# [ASSIGNED TASK]
For the records that follow, please set down exactly the lines between the one holding "Photo showing: Looking" and the one holding "A group of Asian", inclusive, and only those.

+-------+

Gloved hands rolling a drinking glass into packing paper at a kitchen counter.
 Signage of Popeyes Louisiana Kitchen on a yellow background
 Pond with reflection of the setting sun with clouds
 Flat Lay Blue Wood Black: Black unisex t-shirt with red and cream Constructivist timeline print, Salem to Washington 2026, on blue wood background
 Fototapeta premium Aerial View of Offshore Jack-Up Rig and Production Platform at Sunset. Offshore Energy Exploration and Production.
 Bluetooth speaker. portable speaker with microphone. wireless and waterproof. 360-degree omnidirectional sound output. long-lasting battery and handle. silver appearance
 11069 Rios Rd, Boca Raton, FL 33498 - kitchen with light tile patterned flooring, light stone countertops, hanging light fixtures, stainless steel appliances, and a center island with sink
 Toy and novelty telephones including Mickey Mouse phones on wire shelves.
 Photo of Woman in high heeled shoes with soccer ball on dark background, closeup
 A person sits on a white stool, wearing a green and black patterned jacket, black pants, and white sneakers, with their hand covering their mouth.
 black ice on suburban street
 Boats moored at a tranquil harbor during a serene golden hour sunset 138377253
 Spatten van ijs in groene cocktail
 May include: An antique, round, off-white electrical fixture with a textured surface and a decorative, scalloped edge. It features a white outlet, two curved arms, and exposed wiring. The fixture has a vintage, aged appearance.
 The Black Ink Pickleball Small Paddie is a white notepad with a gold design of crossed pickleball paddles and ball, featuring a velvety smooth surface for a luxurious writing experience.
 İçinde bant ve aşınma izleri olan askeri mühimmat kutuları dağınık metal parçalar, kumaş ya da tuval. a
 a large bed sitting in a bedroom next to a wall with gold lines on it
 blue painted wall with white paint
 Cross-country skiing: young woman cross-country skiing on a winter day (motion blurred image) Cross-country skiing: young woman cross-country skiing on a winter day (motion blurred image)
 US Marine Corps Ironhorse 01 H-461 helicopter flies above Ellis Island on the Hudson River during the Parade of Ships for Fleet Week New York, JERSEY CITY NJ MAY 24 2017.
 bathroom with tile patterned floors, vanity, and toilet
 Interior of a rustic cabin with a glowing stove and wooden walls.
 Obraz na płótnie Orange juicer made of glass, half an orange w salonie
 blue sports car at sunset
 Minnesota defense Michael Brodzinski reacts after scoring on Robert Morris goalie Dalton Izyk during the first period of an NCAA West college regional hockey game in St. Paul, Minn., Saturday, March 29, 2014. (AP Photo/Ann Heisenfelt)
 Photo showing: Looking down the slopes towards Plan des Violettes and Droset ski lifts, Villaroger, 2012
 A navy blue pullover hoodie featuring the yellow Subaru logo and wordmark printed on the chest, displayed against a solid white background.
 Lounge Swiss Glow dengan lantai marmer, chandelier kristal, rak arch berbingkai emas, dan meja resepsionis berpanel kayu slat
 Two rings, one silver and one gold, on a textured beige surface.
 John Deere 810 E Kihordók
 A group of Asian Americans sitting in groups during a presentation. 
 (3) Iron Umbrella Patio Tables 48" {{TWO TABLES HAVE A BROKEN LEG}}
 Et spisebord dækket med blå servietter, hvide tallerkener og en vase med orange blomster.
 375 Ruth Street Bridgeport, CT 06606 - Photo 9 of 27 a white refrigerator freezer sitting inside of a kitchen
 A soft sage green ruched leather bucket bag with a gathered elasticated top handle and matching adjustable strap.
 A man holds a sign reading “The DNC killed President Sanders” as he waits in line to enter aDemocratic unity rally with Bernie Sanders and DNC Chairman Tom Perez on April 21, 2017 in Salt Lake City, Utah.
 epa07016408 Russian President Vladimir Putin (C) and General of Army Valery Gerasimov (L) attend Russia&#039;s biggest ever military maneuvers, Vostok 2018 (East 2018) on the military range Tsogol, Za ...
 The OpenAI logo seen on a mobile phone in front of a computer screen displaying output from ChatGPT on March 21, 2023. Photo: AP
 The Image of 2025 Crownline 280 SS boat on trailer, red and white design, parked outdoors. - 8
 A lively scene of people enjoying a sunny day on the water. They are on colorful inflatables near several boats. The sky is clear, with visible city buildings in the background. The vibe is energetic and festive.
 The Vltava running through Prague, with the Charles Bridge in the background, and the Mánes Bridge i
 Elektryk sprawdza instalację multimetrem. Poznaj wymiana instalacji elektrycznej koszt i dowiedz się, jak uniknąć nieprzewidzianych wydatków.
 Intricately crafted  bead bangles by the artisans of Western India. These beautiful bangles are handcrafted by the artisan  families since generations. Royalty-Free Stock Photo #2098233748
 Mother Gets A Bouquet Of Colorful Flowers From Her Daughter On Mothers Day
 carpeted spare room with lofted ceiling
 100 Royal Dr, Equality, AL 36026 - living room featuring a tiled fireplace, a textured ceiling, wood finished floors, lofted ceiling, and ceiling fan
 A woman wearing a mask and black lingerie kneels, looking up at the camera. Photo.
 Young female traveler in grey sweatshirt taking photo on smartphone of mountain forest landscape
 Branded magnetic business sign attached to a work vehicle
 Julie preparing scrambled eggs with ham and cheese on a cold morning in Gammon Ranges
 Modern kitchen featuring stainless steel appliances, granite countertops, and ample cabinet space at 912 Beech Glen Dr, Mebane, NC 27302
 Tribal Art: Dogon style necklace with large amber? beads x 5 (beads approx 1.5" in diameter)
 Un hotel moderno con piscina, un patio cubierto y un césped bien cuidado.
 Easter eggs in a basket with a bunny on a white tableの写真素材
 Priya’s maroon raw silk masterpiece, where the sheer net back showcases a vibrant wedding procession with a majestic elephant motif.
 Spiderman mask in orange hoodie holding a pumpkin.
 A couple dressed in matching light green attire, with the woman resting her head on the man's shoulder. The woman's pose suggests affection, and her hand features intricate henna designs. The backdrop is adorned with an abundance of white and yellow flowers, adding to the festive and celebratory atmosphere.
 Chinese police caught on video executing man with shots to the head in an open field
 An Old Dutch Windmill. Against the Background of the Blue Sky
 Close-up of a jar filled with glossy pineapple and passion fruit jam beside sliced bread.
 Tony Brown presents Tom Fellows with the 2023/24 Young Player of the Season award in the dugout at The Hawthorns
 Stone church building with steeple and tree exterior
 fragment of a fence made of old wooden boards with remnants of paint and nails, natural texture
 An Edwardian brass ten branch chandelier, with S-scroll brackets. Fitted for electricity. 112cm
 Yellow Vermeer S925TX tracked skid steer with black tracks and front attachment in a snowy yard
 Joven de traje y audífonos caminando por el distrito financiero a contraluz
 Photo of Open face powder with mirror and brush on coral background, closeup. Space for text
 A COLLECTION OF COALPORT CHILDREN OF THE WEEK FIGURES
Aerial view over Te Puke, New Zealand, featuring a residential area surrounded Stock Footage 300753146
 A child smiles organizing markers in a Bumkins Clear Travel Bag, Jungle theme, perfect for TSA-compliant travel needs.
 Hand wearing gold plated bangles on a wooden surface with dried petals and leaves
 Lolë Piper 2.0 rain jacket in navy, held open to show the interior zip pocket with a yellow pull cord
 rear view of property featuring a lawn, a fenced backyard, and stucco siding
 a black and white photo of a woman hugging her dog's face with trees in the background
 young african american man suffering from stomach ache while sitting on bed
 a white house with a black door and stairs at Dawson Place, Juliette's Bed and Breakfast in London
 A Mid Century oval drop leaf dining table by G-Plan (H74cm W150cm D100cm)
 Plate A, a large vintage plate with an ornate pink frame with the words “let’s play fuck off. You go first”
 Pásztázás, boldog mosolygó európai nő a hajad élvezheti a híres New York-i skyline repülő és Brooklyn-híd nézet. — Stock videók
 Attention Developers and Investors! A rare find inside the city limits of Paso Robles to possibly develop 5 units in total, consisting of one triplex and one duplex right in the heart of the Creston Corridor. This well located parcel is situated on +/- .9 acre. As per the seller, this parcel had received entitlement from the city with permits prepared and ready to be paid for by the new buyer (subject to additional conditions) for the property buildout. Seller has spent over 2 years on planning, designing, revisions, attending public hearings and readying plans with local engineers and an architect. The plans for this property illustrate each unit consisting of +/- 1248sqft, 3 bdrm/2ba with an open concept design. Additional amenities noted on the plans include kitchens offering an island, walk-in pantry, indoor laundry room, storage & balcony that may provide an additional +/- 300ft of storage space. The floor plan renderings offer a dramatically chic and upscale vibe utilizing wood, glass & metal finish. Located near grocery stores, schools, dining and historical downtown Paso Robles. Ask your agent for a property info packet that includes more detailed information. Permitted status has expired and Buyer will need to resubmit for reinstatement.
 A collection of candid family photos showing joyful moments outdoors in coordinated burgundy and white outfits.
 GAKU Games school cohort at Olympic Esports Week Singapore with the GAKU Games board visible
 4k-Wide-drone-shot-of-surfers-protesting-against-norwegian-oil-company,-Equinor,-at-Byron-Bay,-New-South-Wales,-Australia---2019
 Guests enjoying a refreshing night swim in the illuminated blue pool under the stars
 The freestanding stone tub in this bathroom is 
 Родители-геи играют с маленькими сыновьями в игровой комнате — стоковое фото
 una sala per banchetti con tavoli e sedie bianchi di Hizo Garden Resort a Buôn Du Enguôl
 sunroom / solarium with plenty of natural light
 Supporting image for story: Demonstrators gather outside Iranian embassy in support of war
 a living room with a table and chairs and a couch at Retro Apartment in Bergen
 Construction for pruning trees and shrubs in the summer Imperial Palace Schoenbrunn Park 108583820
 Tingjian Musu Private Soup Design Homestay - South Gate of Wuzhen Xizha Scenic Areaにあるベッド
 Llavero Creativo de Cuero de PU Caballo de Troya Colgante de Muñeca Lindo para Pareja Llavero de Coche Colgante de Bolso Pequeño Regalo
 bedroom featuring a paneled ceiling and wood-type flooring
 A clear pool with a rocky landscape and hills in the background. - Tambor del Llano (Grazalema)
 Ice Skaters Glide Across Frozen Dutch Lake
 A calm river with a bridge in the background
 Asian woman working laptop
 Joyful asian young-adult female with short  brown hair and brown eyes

+-------+

# [SOLUTION FOR THIS TASK]
 Photo showing: Looking down the slopes towards Plan des Violettes and Droset ski lifts, Villaroger, 2012
 A navy blue pullover hoodie featuring the yellow Subaru logo and wordmark printed on the chest, displayed against a solid white background.
 Lounge Swiss Glow dengan lantai marmer, chandelier kristal, rak arch berbingkai emas, dan meja resepsionis berpanel kayu slat
 Two rings, one silver and one gold, on a textured beige surface.
 John Deere 810 E Kihordók
 A group of Asian Americans sitting in groups during a presentation. 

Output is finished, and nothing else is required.